The screen door slammed. They horsed around outside, yelling and yapping. One of those moments when I was grateful our nearest neighbors were hundreds of yards farther down the road, unable to hear us.

And yet next morning, after all the hijinks, without another word exchanged about the matter, they donned their blazers and ties and accompanied me to the service. We sat toward the back of the nave on one of the long mahogany pews, beside Rosalie who was in shock over our actually being there. Flanking me, the twins shifted some and stifled yawns but were otherwise on good behavior. The pastor gave a sermon on the healing power of soul-cleansing. Like most such sermons, or so I guessed, his was generic enough to feel tailor-made for my personal predicament. That was the genius of good preaching. The imagery got a bit out of hand—I couldn't picture running my soul in the Laundromat of the Lord's love, or drying it on the clothesline of contrition—but many of his points made sense. Whose spirit couldn't use a good scrubbing once in a while?
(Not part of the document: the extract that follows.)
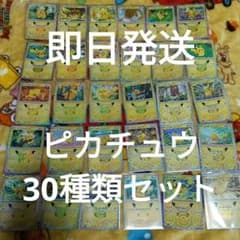 ポケモンカード ☆ピカチュウ30種類セット☆30th 拡張パック 封入☆のサムネイル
After a haphazard but earnest rendering of "Arise, All Souls, Arise," much of the congregation departed, but my mother insisted we join her in the annex, where they served coffee, juice, and doughnuts. I knew this meant getting in over my head, and the boys urged me with strident whispers to skip the reception. But I was drawn along by the stream of talking worshipers and the unvarnished enthusiasm of my mother who, it was plain to see, reveled in all this. The congregants were upbeat. That is, until a few of them noticed me and gave me some of the looks I'd anticipated. What-is-she-possibly-doing-here looks. Even Hodge Gilchrist, once a bosom buddy but now grown up and married to convention, and his wife, Jane, gave me a condescending nod.

Many of these people would have heard the rumors of my fantasized discovery of a hanged girl in the woods. More than a few may have preserved a low opinion of my morals based on my having given birth to a couple of illegitimate children. Others disapproved of or were amused by my heretical divining. Part of this was surely paranoia. But part of what I was seeing—the turned heads, the mild grimaces, the shallow smirks—was as old as the hills surrounding this village church.

As I began to search out more friendly familiar faces, ones that might offer an encouraging smile, I realized—despite my teaching and Morgan's games—just how much an outsider I had become. Amazing how if you seldom attended the volunteer fire company's annual pan-cake breakfasts, or never went to the big June tractor parade in Callicoon, and if you avoided the various roast beef dinners at St. Joseph's and religiously skipped church, you really could live in a community and know almost no one at all.